Many simulation and data analysis codes need to solve sparse systems of equations. The high-fidelity simulations being solved by exascale application teams involve large-scale multiphysics and multiscale modeling problems that generate highly ill-conditioned and indefinite systems, for which iterative methods struggle. The STRUMPACK/SuperLU project is delivering robust and scalable factorization-based algorithms that are indispensable building blocks for solving these numerically challenging problems.
Large systems of linear equations are key kernels in a variety of scientific projects. These are analogous to the systems of equations solved in basic algebra—two or three equations describing known relationships between various factors, with the same number of unknown variables that need to be resolved—but scaled up to millions, making them impossible to solve by hand and difficult to solve computationally.
Because scientific discoveries depend so heavily on these equations, many scientific computing applications require a method for solving them. Instead of reinventing the wheel for each specific use case, the Exascale Computing Project (ECP) invested in developing a set of products that can be reused and benefited from by many: the STRUctured Matrix PACKage (STRUMPACK) and Supernodal LU package (SuperLU). Together, STRUMPACK/SuperLU provide fast and efficient direct solving and preconditioning capabilities for large-scale, complicated sets of linear equations. Their methodologies enable vast memory savings compared to other similar software.
STRUMPACK/SuperLU act as building blocks within a larger, interconnected set of mathematical tools. As large computational problems are broken down into smaller pieces, STRUMPACK/SuperLU take care of a specialized portion. Other mathematical libraries then rely on these results to perform their own tasks.
STRUMPACK/SuperLU are open source and portable, and can be used with a variety of different central processing unit (CPU) and graphical processing unit (GPU—a type of accelerator that helps with computational efficiency) types, as well as on different operating systems. Their capabilities have been utilized by the fusion community, engineers, and more, overcoming limitations of other solvers. For example, SuperLU provided a key capability for fusion energy reactor design in plasma simulations, and STRUMPACK was used in MFEM, an ECP-developed library for solving partial differential equations—such as the very challenging three-dimensional Maxwell equations. The speed at which SuperLU and STRUMPACK solve these difficult problems can be further enhanced by up to a factor of three to ten, respectively, when GPUs are added.
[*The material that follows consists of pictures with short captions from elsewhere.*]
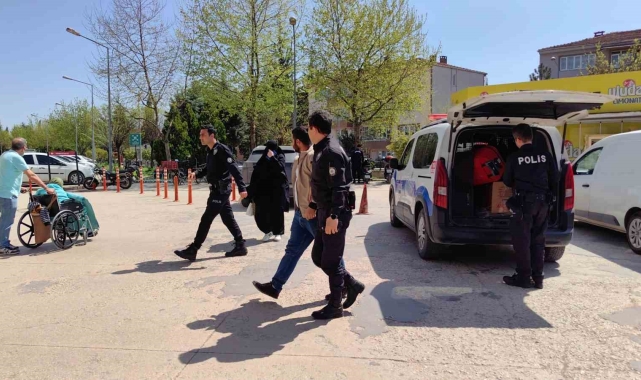 Kaçak göçmenler evlendikleri gün yakalandı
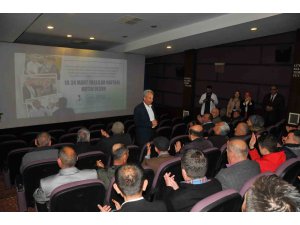 Akşehir’de yaşlıların sinema keyfi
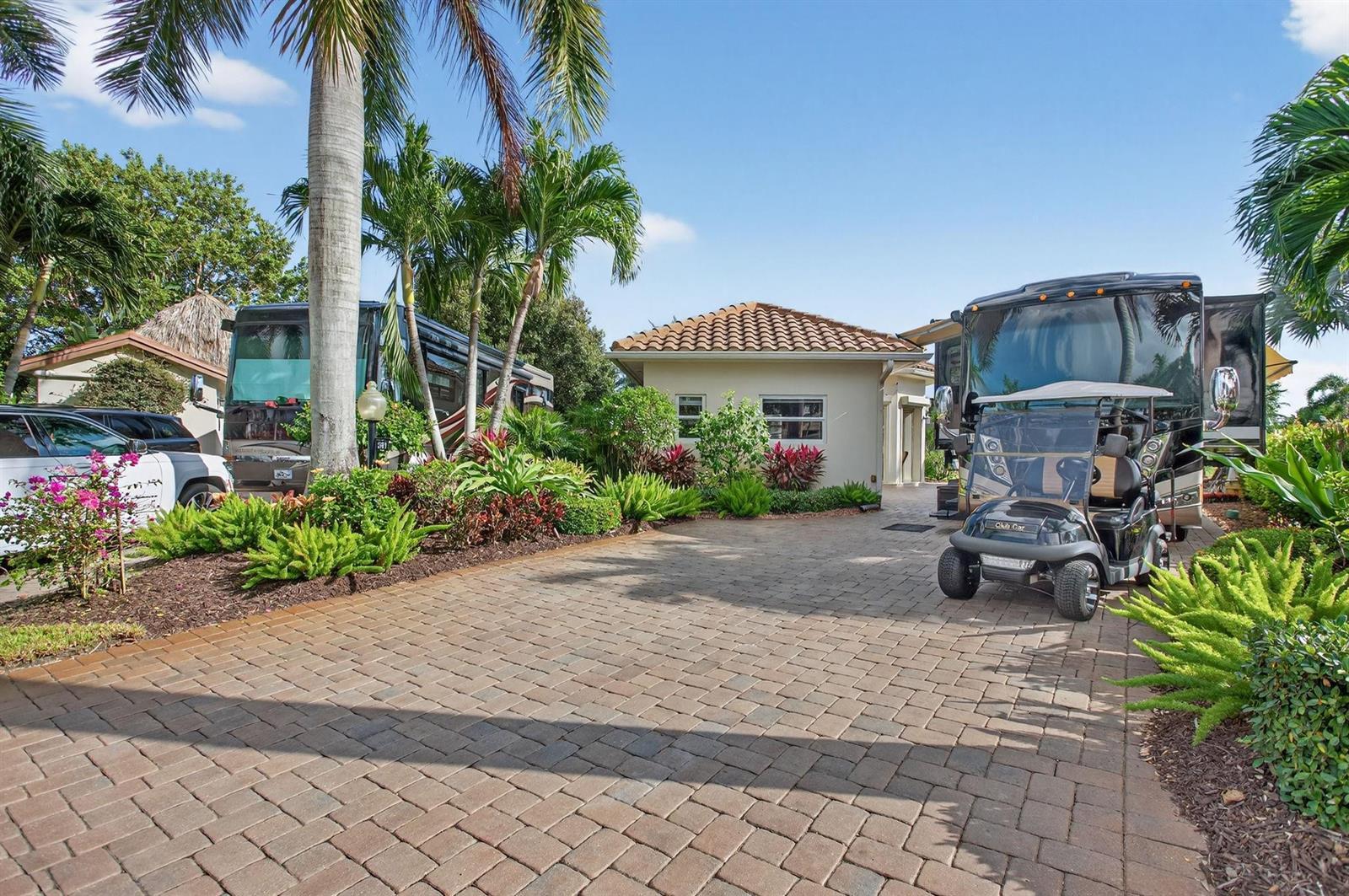 391 Sundial Circle # 391, Pompano Beach FL 33068 photo 4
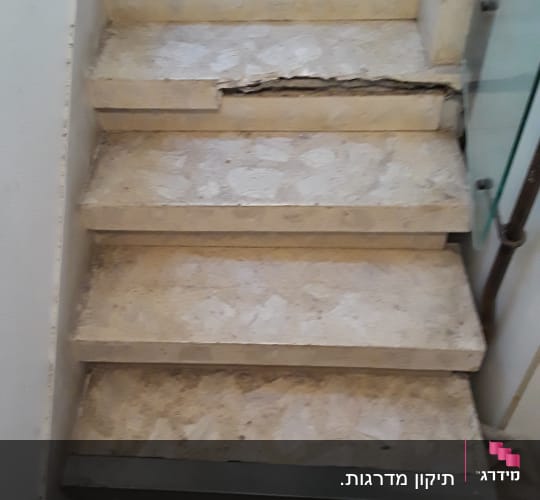 מדרגות אבן עם שבר ותיקון נדרש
These critical functionalities and are expected to continue to be used well past ECP.
Scalable factorization-based methods are important components in solvers for ill-conditioned and indefinite systems of equations that arise in many exascale applications. The STRUMPACK/SuperLU project is producing robust and scalable factorization-based algorithms that can be used as direct solvers or preconditioners for linear systems of equations.
The team is delivering factorization-based sparse solvers that encompass two widely used algorithm variants: the supernodal SuperLU library and the multifrontal STRUMPACK library. The team is also adding scalable preconditioning functionality to the STRUMPACK library via hierarchical matrix algebra. Both libraries are applicable to a large variety of application domains. These scalable libraries are being enhanced to ensure that they will be performant on pre-exascale and exascale architectures.
Both SuperLU and STRUMPACK can be used as stand-alone solvers. More importantly, for ECP applications, critical subsolvers are being used in the higher level solver libraries, such as coarse grid solvers in a multigrid solver, subdomain solvers in a domain decomposition solver, block diagonal preconditioners in a Krylov iterative solver, or general approximate factorization preconditioners for an iterative solver.